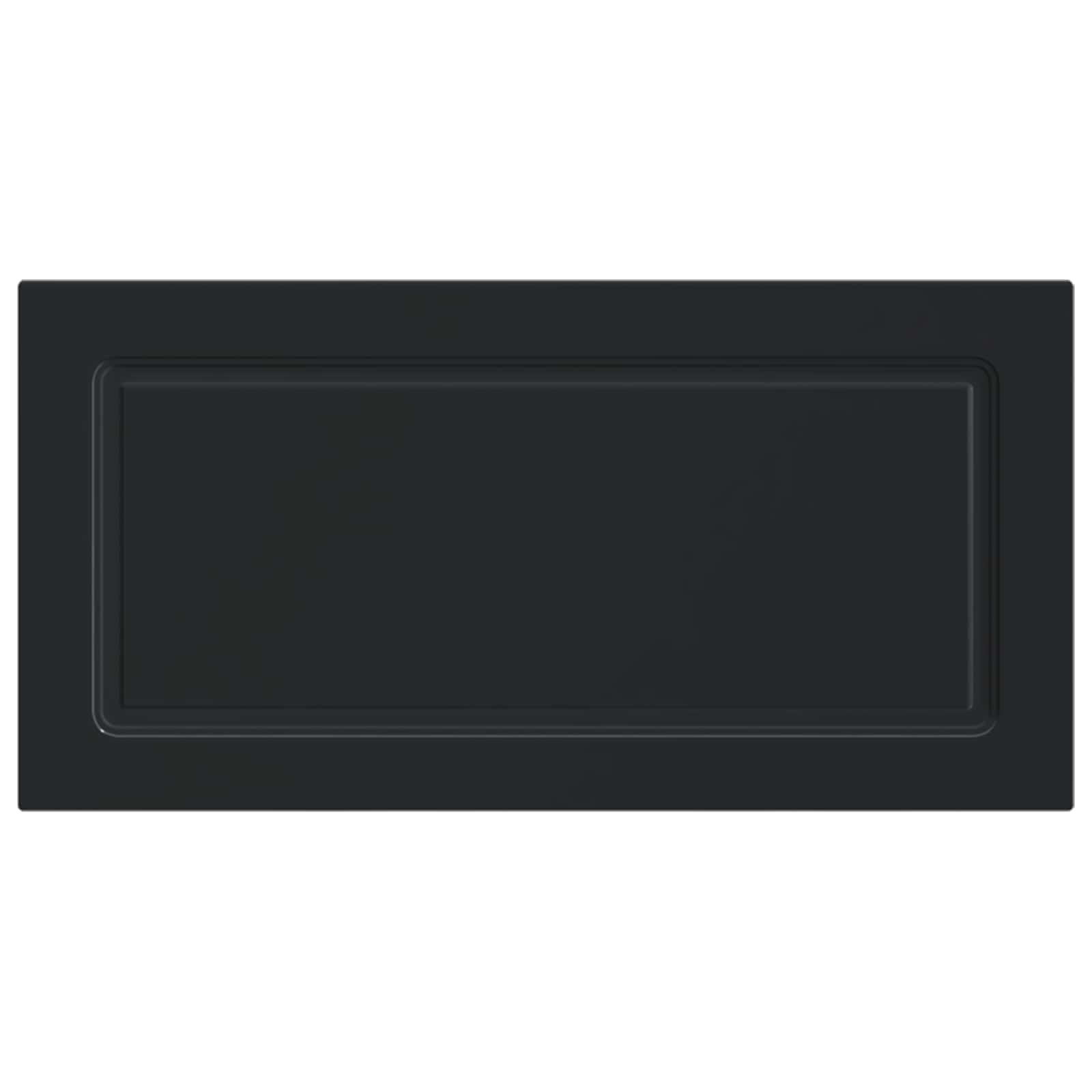 vidaXL Wall-Mounted Headboard UTRECHT Black Engineered Wood 3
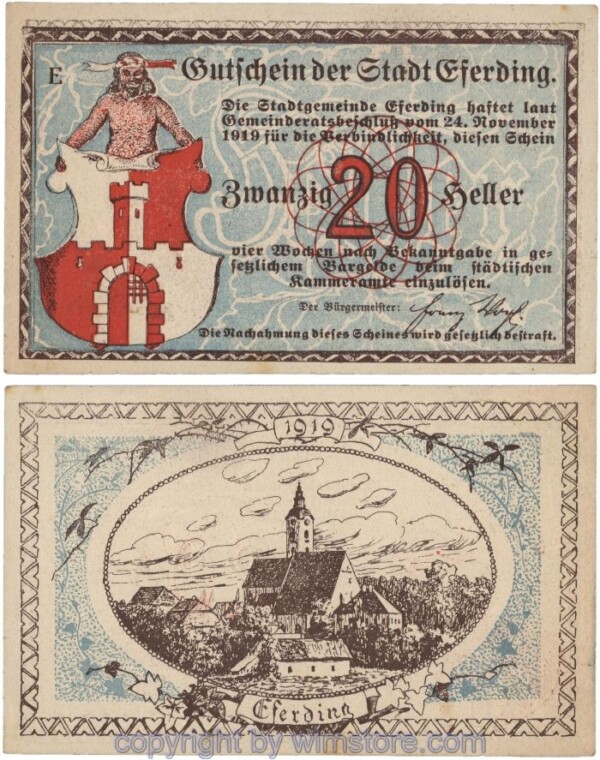 Eferding, G0152I20b, 20 Heller, E; 1-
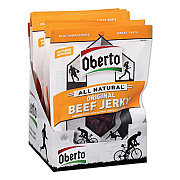 Oberto All Natural Beef Jerky, Original, 1.5 oz Pouch, 8/Box (SMO1941)
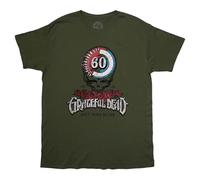 Grateful Dead T-Shirt 60th Roses Unisex Green L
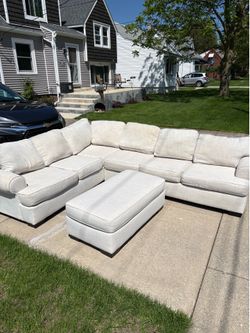 Sectional and ottoman
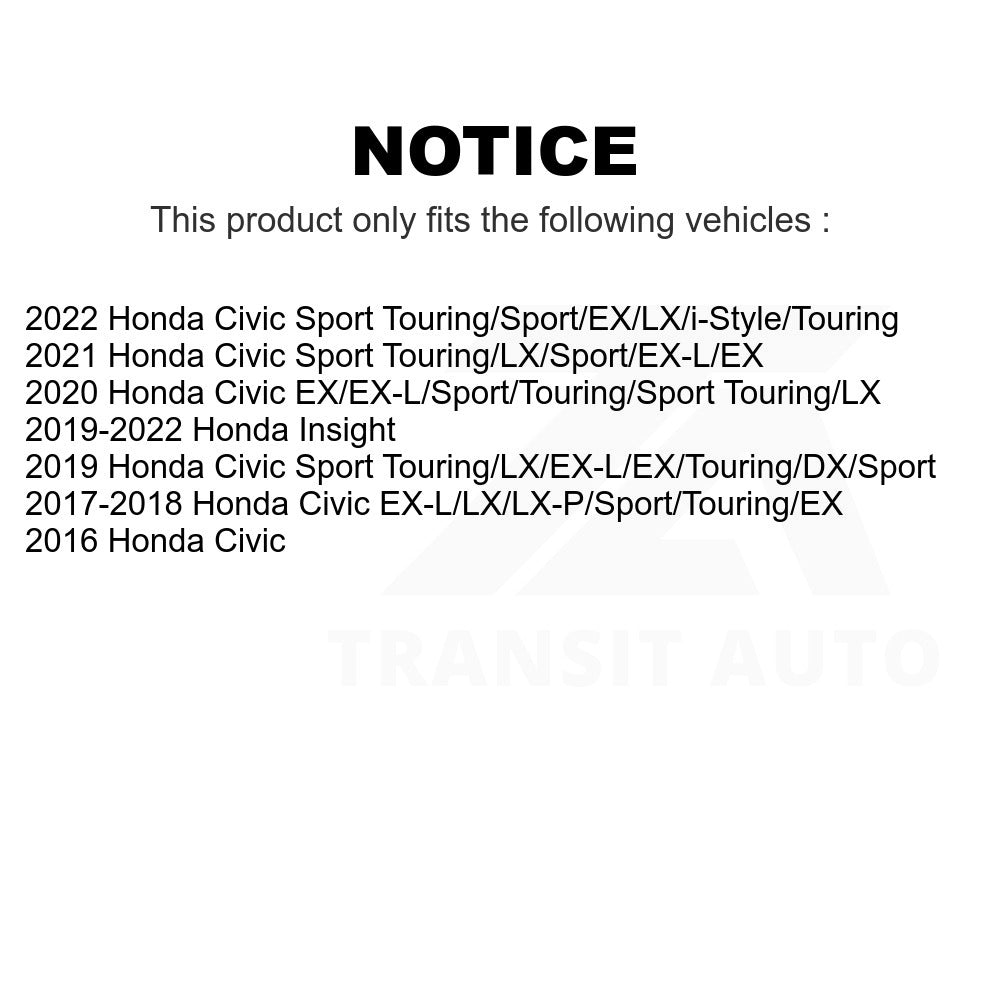Rear Disc Brake Rotor 8-982073 For Honda Civic Insight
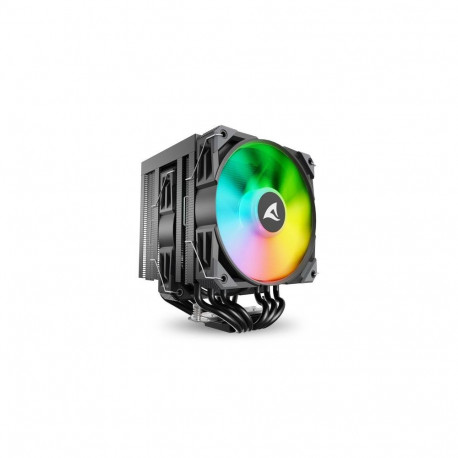 Sharkoon A60 RGB Processor Air cooler 12 cm Black 1 pc(s)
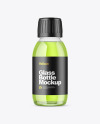 Clear Glass Bottle Mockup Clear Glass Bottle Mockup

**EXERCISE DIRECTIONS**.
Transcribe each record above exactly, leaving every picture out of the copy.

**YOUR SOLUTION**.
 vidaXL Wall-Mounted Headboard UTRECHT Black Engineered Wood 3
 Eferding, G0152I20b, 20 Heller, E; 1-
 Oberto All Natural Beef Jerky, Original, 1.5 oz Pouch, 8/Box (SMO1941)
 Grateful Dead T-Shirt 60th Roses Unisex Green L
 Sectional and ottoman
Rear Disc Brake Rotor 8-982073 For Honda Civic Insight
 Sharkoon A60 RGB Processor Air cooler 12 cm Black 1 pc(s)
 Clear Glass Bottle Mockup Clear Glass Bottle Mockup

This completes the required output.